━━━ Extracted data
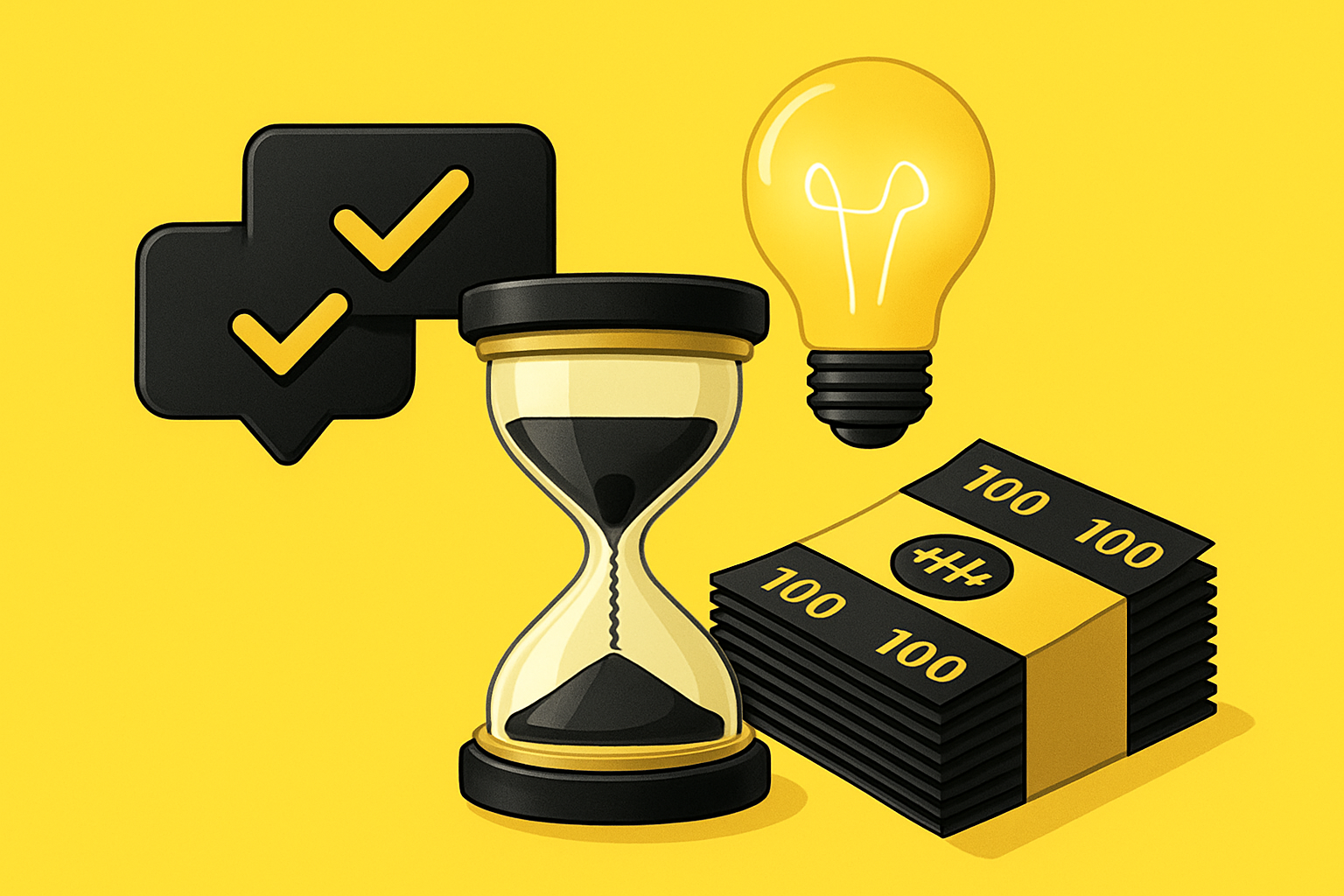 Cover illustration for “GROW Model Application in Sales Coaching”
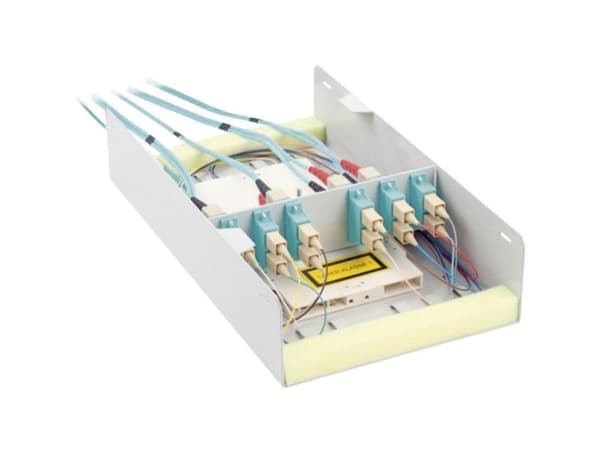 EFB Elektronik 53603.2, Tyhjä paneeli, Terästä, Harmaa, 1 kpl
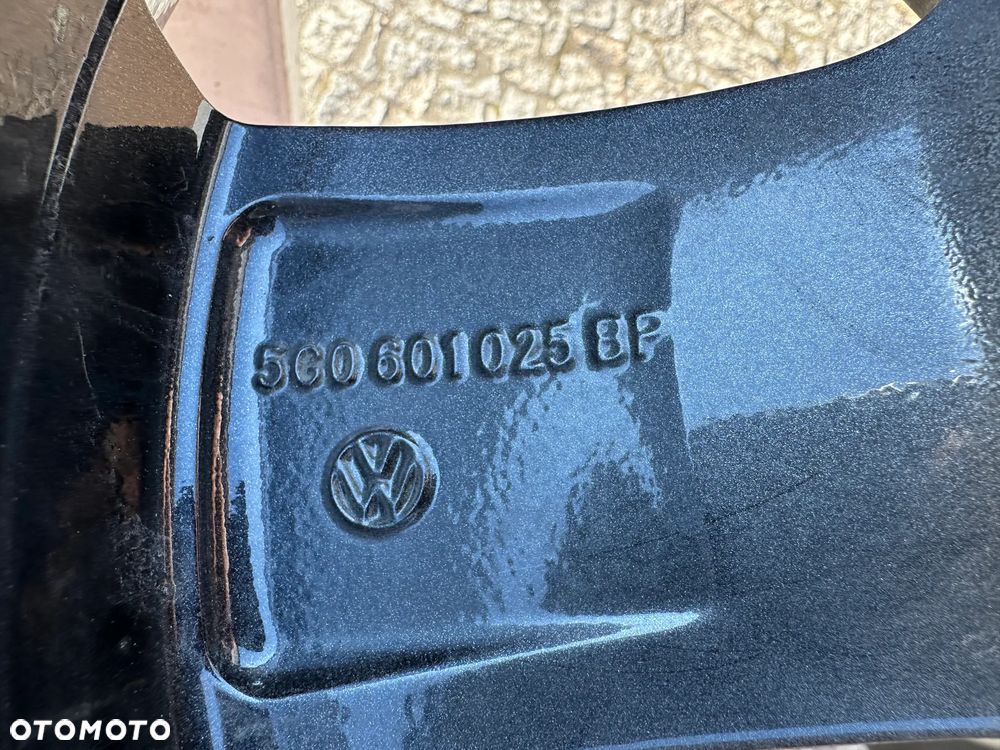 Felgi VW Golf 5x112 16 5G Touran Jetta Caddy - 6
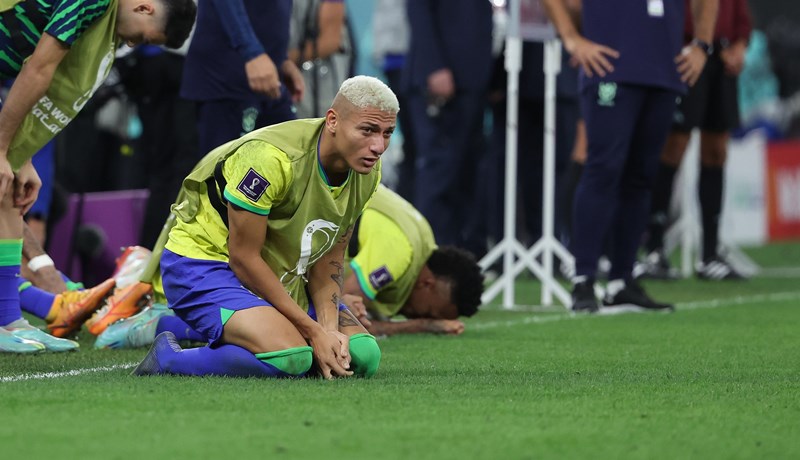 Brazilski mediji puni pesimizma nakon poraza od Francuske: Hrvatsku vide kao ključnu utakmicu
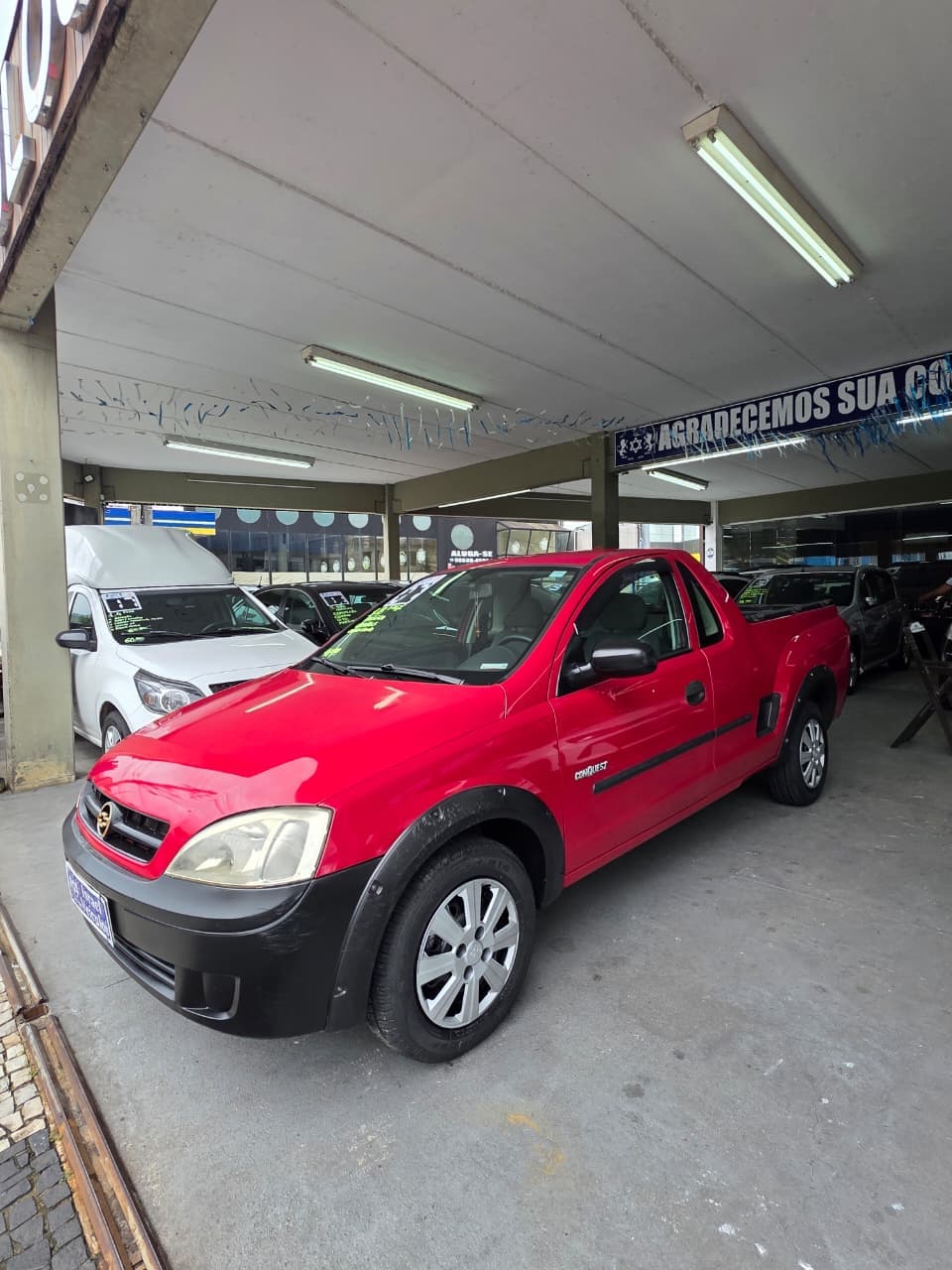 CHEVROLET MONTANA CONQUEST - 3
━━━━━━
**Problem requirements**
Could the data above be reproduced exactly, with the pictures left out?

**Result for this exercise**
 Cover illustration for “GROW Model Application in Sales Coaching”
 EFB Elektronik 53603.2, Tyhjä paneeli, Terästä, Harmaa, 1 kpl
 Felgi VW Golf 5x112 16 5G Touran Jetta Caddy - 6
 Brazilski mediji puni pesimizma nakon poraza od Francuske: Hrvatsku vide kao ključnu utakmicu
 CHEVROLET MONTANA CONQUEST - 3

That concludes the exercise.